(Pictures with short captions)
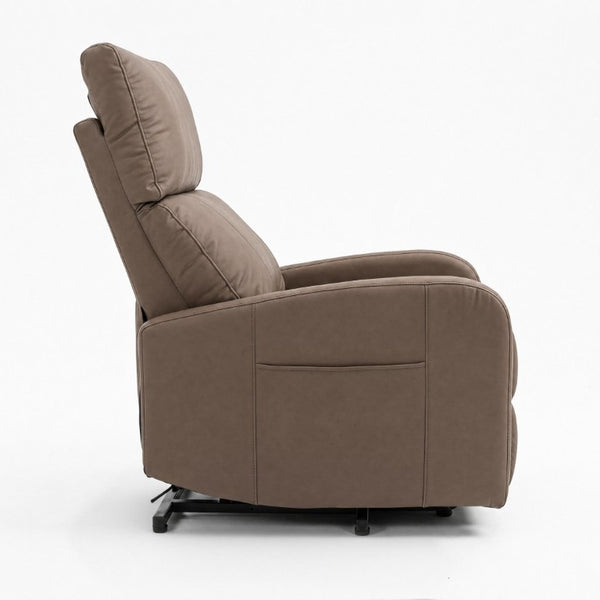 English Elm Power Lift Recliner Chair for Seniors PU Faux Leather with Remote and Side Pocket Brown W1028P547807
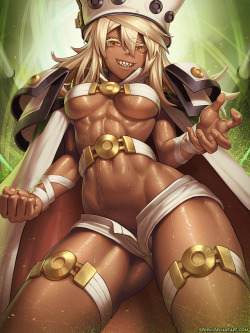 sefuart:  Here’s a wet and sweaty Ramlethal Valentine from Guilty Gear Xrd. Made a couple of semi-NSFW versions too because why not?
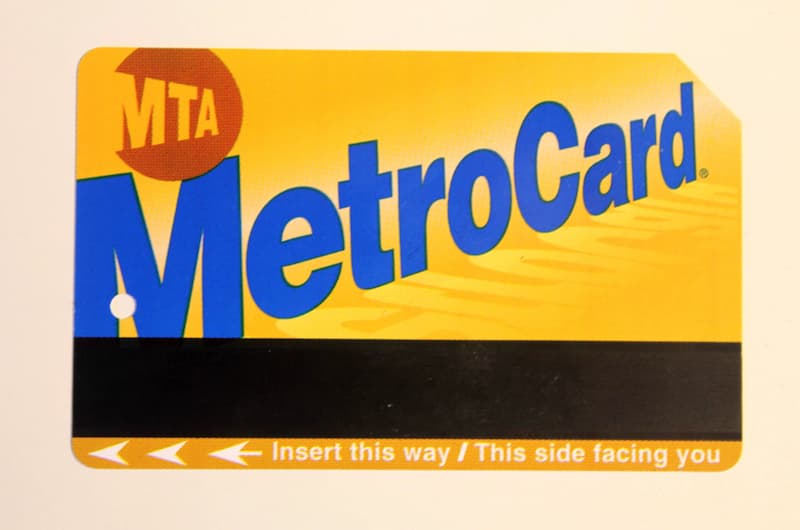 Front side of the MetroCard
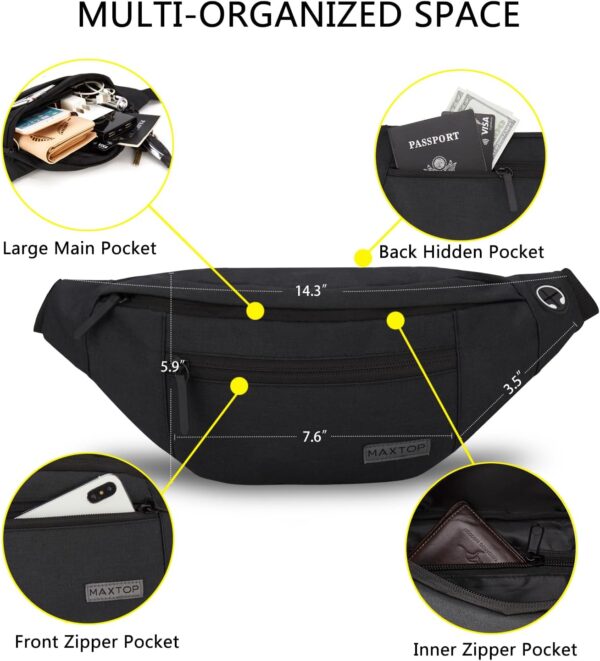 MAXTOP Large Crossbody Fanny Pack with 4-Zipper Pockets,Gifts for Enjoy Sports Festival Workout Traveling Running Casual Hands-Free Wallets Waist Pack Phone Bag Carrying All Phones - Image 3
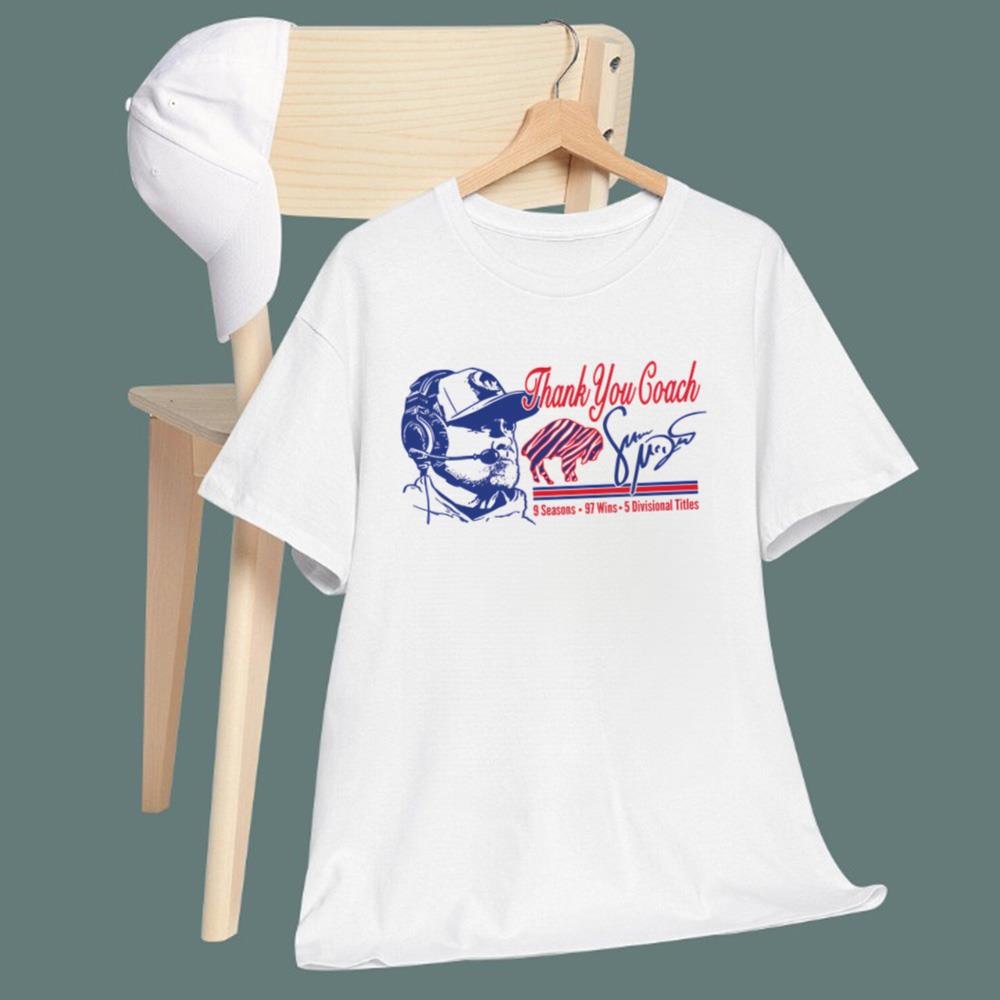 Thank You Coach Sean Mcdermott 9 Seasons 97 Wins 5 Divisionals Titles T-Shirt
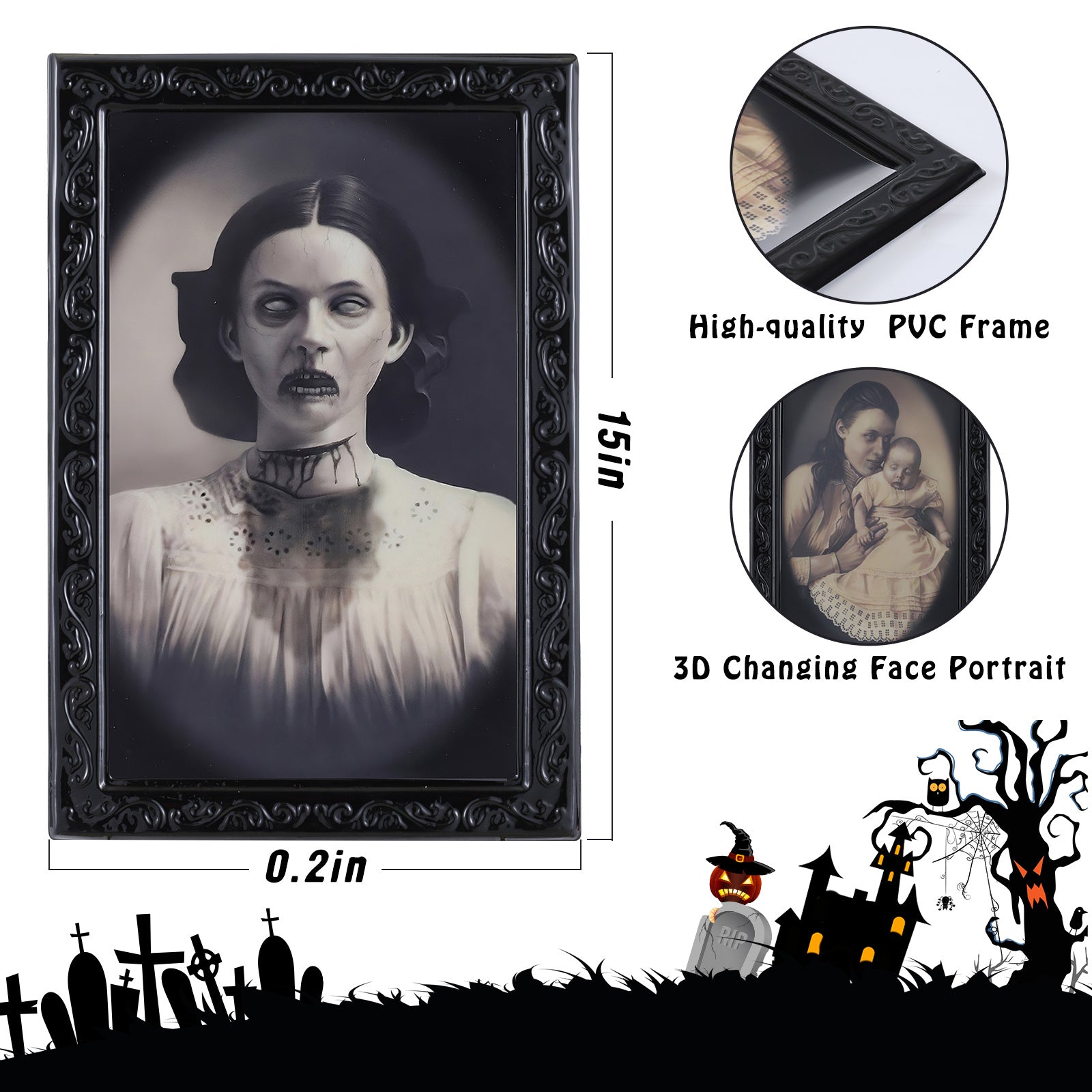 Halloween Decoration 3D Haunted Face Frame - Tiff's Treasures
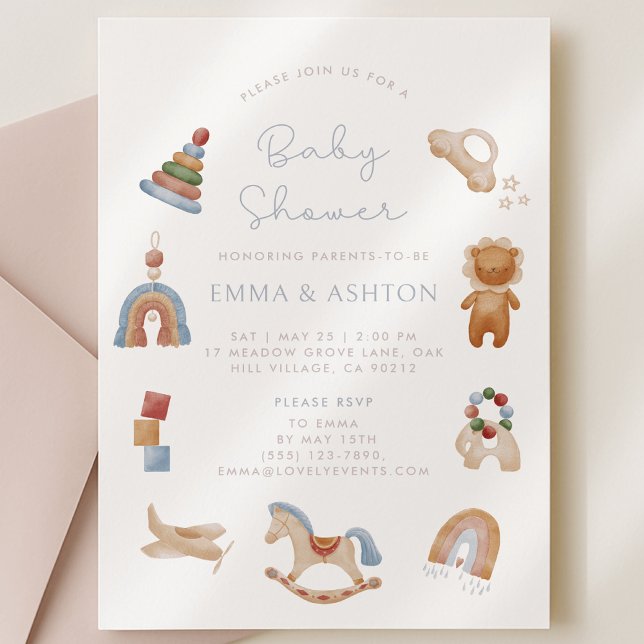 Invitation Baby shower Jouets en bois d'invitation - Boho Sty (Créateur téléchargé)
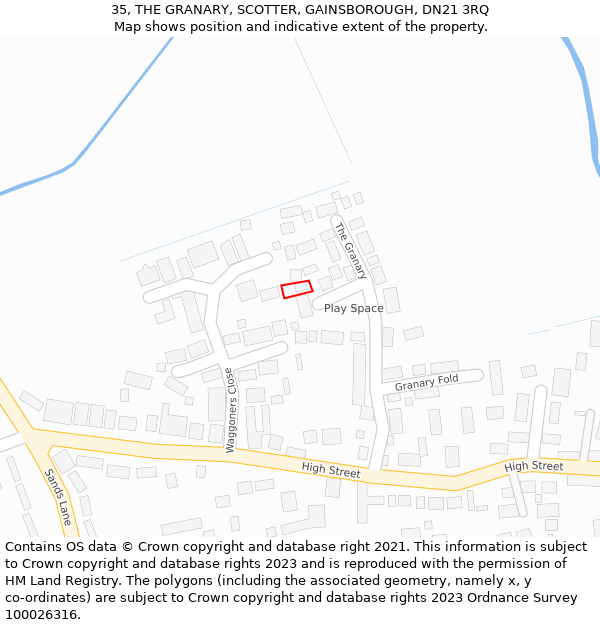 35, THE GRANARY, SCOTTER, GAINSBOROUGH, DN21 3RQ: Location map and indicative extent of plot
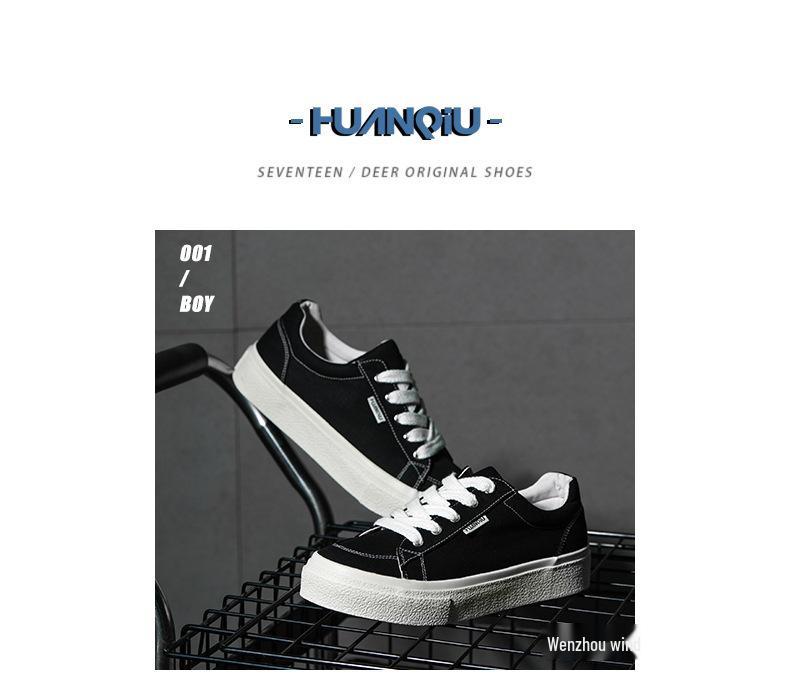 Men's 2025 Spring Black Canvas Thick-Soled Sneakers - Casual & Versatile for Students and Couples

• **THE TASK**
Reproduce exactly, with nothing added, the lines from the line with "Thank You Coach" through the end of the entries above; pictures are to be left out.

• **SOLUTION**
 Thank You Coach Sean Mcdermott 9 Seasons 97 Wins 5 Divisionals Titles T-Shirt
 Halloween Decoration 3D Haunted Face Frame - Tiff's Treasures
 Invitation Baby shower Jouets en bois d'invitation - Boho Sty (Créateur téléchargé)
 35, THE GRANARY, SCOTTER, GAINSBOROUGH, DN21 3RQ: Location map and indicative extent of plot
 Men's 2025 Spring Black Canvas Thick-Soled Sneakers - Casual & Versatile for Students and Couples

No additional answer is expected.